The problem :: When you output the entries, begin with the first line and end with the line containing "Seychelles Woven Crisscross", keeping each line exactly as it is.

[Crawled caption data]
---

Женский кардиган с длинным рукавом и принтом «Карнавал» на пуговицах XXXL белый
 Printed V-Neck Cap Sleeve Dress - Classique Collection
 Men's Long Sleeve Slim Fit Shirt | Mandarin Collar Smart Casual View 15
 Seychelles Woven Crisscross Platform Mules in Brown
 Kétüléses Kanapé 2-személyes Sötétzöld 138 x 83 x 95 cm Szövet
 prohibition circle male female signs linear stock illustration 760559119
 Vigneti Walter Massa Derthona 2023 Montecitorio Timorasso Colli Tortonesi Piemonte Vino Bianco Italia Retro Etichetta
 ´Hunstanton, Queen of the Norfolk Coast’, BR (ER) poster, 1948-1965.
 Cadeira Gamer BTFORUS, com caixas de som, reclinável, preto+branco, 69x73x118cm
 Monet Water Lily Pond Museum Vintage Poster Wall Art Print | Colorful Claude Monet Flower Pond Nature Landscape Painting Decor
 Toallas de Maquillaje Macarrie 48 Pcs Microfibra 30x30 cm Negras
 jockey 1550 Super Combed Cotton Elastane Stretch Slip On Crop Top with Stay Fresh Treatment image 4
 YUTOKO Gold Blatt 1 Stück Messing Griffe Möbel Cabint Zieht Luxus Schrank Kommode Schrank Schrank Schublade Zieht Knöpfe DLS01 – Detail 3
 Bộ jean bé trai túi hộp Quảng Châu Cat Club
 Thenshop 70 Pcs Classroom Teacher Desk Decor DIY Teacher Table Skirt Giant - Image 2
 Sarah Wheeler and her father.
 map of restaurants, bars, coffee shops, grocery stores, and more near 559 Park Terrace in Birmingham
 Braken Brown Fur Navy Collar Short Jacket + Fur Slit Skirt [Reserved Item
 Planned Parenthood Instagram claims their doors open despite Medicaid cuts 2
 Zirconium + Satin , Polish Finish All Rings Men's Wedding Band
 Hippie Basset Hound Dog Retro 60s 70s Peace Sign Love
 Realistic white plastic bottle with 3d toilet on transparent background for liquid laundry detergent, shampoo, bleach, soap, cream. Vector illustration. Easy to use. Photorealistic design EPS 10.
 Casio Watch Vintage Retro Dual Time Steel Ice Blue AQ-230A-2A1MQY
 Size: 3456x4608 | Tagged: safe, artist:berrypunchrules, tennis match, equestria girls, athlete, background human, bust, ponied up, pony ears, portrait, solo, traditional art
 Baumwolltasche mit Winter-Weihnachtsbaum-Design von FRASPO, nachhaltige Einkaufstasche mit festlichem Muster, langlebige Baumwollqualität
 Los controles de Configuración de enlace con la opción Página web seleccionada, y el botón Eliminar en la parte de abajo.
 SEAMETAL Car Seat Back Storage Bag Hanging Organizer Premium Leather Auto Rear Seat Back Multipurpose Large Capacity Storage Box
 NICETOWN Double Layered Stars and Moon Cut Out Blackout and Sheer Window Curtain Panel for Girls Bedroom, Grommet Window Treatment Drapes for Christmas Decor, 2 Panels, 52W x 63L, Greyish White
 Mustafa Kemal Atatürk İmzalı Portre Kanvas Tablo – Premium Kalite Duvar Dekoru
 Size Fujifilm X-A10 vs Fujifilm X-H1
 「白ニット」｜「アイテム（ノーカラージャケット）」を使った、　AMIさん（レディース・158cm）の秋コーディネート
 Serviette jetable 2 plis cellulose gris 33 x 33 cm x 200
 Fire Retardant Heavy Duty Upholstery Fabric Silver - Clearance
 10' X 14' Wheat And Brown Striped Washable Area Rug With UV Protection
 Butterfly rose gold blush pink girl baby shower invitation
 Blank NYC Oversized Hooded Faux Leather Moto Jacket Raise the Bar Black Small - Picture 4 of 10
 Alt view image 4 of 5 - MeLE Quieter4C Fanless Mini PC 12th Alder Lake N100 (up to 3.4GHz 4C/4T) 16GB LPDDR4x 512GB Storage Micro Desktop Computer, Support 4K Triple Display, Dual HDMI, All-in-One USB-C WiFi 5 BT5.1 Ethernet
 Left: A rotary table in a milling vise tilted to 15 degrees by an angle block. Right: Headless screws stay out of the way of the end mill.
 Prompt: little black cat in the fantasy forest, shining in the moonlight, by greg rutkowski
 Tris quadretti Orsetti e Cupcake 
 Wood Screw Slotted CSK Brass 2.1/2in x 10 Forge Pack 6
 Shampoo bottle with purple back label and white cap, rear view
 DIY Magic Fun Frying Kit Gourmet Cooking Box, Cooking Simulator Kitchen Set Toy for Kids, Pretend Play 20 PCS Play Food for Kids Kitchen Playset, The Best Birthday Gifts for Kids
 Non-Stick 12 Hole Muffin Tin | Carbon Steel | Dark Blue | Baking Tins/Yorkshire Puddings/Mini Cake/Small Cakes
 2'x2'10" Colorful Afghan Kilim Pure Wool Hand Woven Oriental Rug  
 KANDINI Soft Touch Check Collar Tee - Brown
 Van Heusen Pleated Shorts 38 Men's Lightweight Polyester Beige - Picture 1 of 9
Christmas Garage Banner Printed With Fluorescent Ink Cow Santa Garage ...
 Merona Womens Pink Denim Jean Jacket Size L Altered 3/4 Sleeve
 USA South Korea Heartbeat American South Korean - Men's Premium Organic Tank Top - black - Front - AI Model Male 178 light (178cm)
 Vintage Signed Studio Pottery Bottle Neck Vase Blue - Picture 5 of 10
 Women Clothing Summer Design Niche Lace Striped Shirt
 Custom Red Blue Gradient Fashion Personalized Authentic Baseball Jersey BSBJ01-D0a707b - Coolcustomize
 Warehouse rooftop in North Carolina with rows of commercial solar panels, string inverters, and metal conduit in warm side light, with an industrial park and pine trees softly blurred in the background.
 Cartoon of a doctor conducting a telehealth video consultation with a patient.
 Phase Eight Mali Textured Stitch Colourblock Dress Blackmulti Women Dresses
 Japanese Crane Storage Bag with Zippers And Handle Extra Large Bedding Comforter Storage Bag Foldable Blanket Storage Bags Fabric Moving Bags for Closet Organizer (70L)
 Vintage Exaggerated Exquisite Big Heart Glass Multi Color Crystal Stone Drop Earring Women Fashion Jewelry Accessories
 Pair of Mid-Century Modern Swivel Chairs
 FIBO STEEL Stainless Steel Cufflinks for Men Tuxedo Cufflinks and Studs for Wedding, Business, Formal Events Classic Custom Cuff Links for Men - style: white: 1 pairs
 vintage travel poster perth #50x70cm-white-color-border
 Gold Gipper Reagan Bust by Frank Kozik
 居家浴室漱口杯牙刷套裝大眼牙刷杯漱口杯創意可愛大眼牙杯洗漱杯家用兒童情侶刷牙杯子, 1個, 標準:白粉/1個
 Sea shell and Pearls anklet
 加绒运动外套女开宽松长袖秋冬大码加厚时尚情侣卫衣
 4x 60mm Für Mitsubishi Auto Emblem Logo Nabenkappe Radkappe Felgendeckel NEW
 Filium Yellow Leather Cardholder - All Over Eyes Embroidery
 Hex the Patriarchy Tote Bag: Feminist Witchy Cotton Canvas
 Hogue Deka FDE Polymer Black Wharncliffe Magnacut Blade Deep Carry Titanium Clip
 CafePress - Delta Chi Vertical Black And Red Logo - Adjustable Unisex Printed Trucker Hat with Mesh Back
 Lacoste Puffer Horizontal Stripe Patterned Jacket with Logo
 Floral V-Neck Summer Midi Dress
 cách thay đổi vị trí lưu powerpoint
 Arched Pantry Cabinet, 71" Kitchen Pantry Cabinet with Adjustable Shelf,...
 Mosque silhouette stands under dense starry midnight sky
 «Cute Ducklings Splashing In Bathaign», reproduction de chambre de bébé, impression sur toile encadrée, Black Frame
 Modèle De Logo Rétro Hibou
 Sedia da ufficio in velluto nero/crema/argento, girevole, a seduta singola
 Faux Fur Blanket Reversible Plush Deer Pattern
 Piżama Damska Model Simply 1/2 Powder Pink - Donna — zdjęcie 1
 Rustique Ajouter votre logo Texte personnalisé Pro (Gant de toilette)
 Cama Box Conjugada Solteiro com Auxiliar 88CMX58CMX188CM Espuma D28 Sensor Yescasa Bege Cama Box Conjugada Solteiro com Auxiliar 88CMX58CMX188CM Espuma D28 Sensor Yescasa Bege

---

Answer to the problem ::
Женский кардиган с длинным рукавом и принтом «Карнавал» на пуговицах XXXL белый
 Printed V-Neck Cap Sleeve Dress - Classique Collection
 Men's Long Sleeve Slim Fit Shirt | Mandarin Collar Smart Casual View 15
 Seychelles Woven Crisscross Platform Mules in Brown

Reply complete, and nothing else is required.